Millions of UK consumers are currently embroiled in Britain’s biggest ever “class action” lawsuit — even if they don’t yet realise it.
Walter Merricks, the former financial ombudsman, is representing 46.2mn people in a £10bn lawsuit against payments company Mastercard, a case that is testing new ground in the English legal system.
Merricks claims that Mastercard infringed EU competition law by imposing unfair fees — known as “interchange fees” — on customers between May 1992 and June 2008 for the use of debit and credit cards. Mastercard contests the lawsuit, saying it is “confident that once the facts are presented in court, it will be thrown out”.
The action has paved the way for a British wave of US-style class actions — antitrust lawsuits filed on behalf of millions of consumers — against large companies such as BT, Apple and Qualcomm.
In 2015, the UK passed the Consumer Rights Act allowing for the first time collective suits on behalf of consumers and businesses over breaches of competition law. However, the legislation only gained momentum in the wake of a landmark Supreme Court ruling in late 2020 allowing Merricks’ case to proceed.
These types of lawsuits involve large numbers of consumers due to an “opt-out” clause, which means those who are potentially affected are automatically included unless they choose to “opt out.” As a result, many consumers have no inkling they are part of a lawsuit, say solicitors.
The flood of recent such cases in the UK has been underpinned by cash-rich litigation funders keen to deploy their capital by backing collective lawsuits. A recent study by law firm RPC found litigation funders had a £2.2bn “war chest” of capital to use.
“Class actions can bring big rewards for litigation funders,” said Chris Ross, partner at RPC. “They allow a funder to deploy a lot of capital at once as they are expensive cases to run, but they can also be efficient investment vehicles, because each class action can attract hundreds or thousands of claimants.”
“There has been an explosion of interest in this area over the past few years and this allows people to assert their rights,” said David Greene, senior partner at law firm Edwin Coe, who specialises in competition and shareholder claims, and who is also co-president of the Collective Redress Lawyers Association.
Since the 2015 legislation, seven class action lawsuits have been allowed to proceed to trial, including a case on Friday, with at least a dozen more waiting approval. To proceed to trial, cases must first be heard and certified in the Competition Appeal Tribunal.
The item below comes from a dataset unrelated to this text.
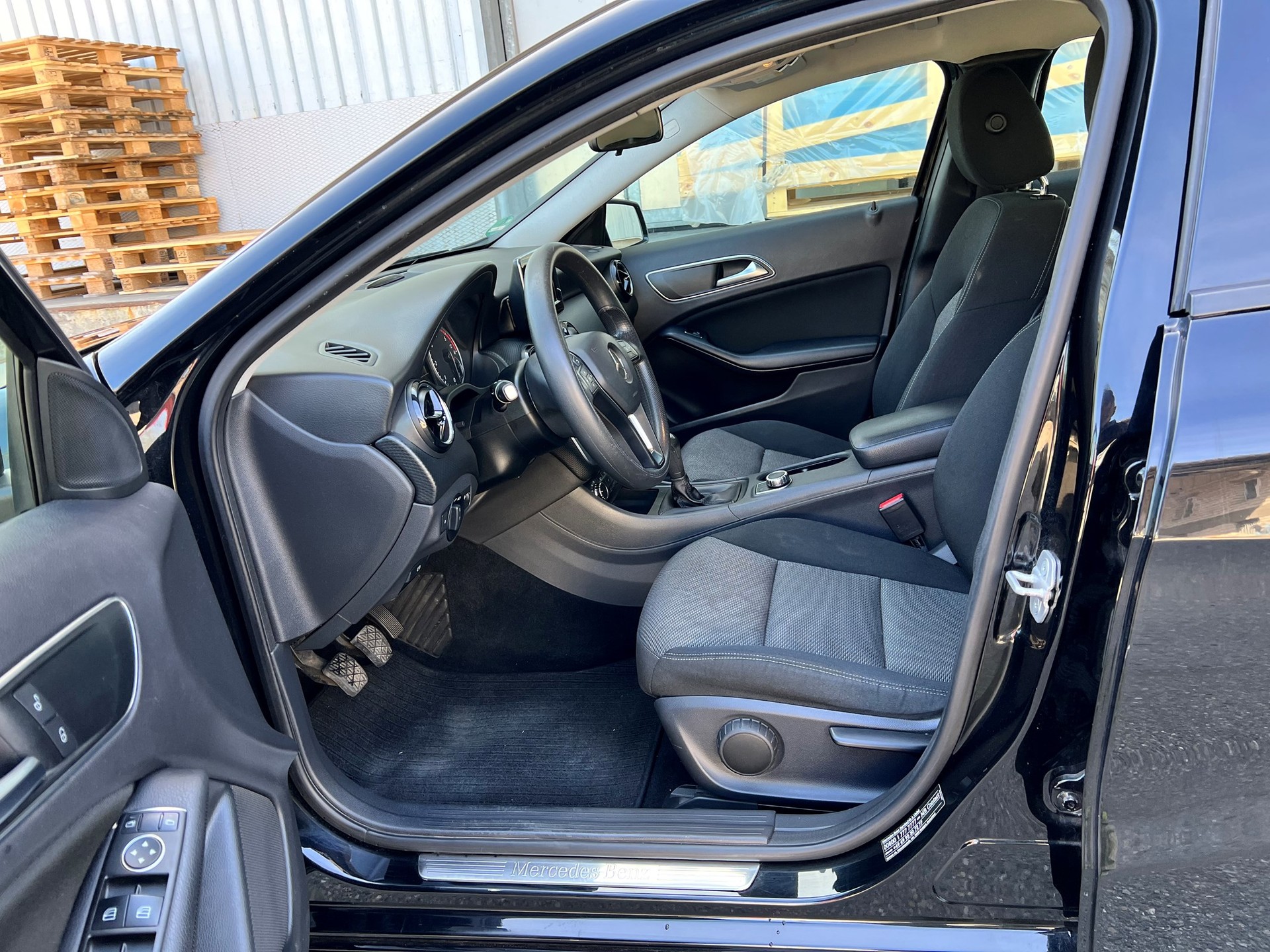 MERCEDES-BENZ A 180 CDI BlueEfficiency Edition-image-6
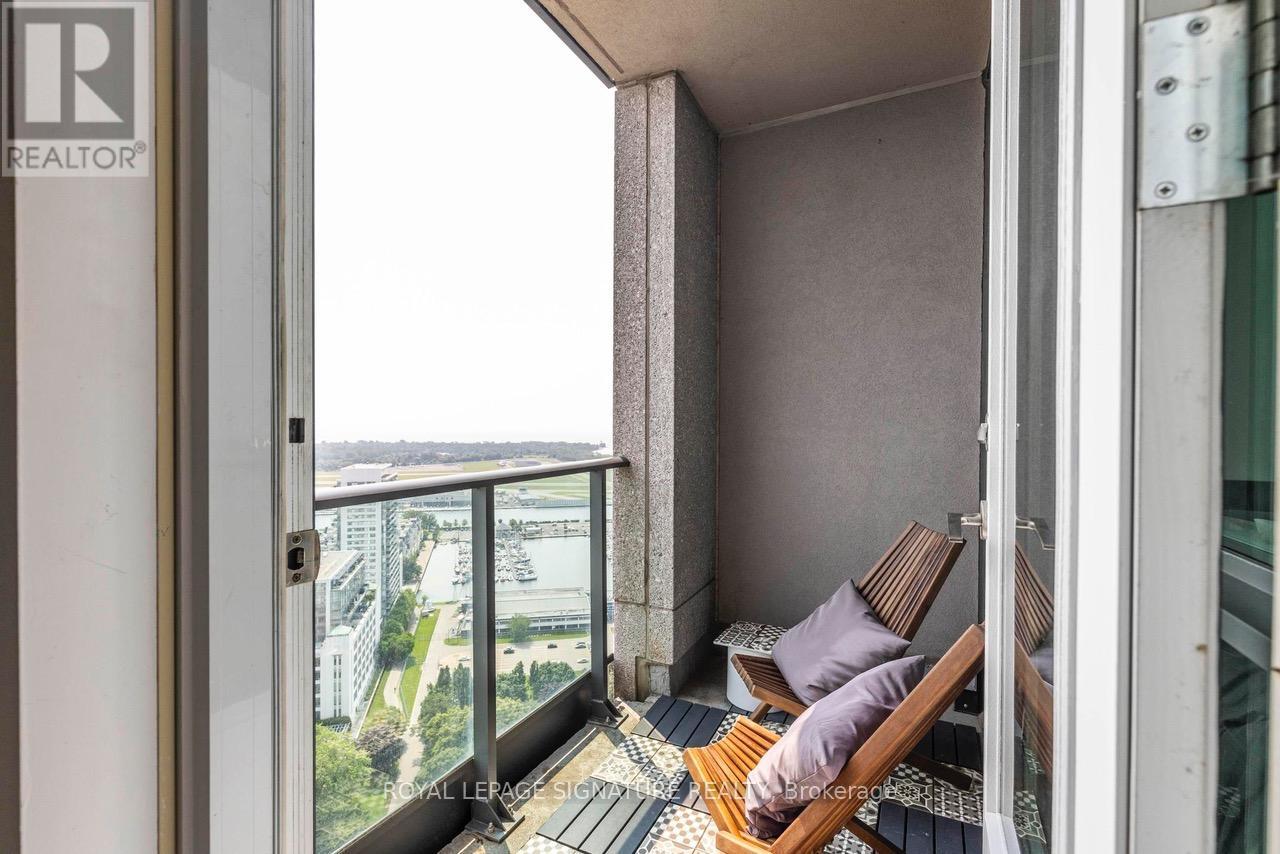 3412 - 215 Fort York Boulevard, Toronto, Ontario  M5V 4A2 - Photo 18 - C12538178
Large technology companies are fast becoming the targets of such class actions. The latest to be filed is a £768mn lawsuit, led by market researcher Justin Gutmann on behalf of 25mn UK iPhone users against Apple and which has yet to be certified; it claims the tech giant misled customers by allegedly concealing a tool in software updates that slowed their devices.
Apple said: “We have never — and would never — do anything to intentionally shorten the life of any Apple product, or degrade the user experience to drive customer upgrades.”
In another case, Which?, the Consumers’ Association, has brought a £480mn lawsuit against Qualcomm, the US chip supplier, on behalf of 29mn owners of Apple and Samsung phones. If successful at trial, it could see customers receive an estimated £5 and £30 each.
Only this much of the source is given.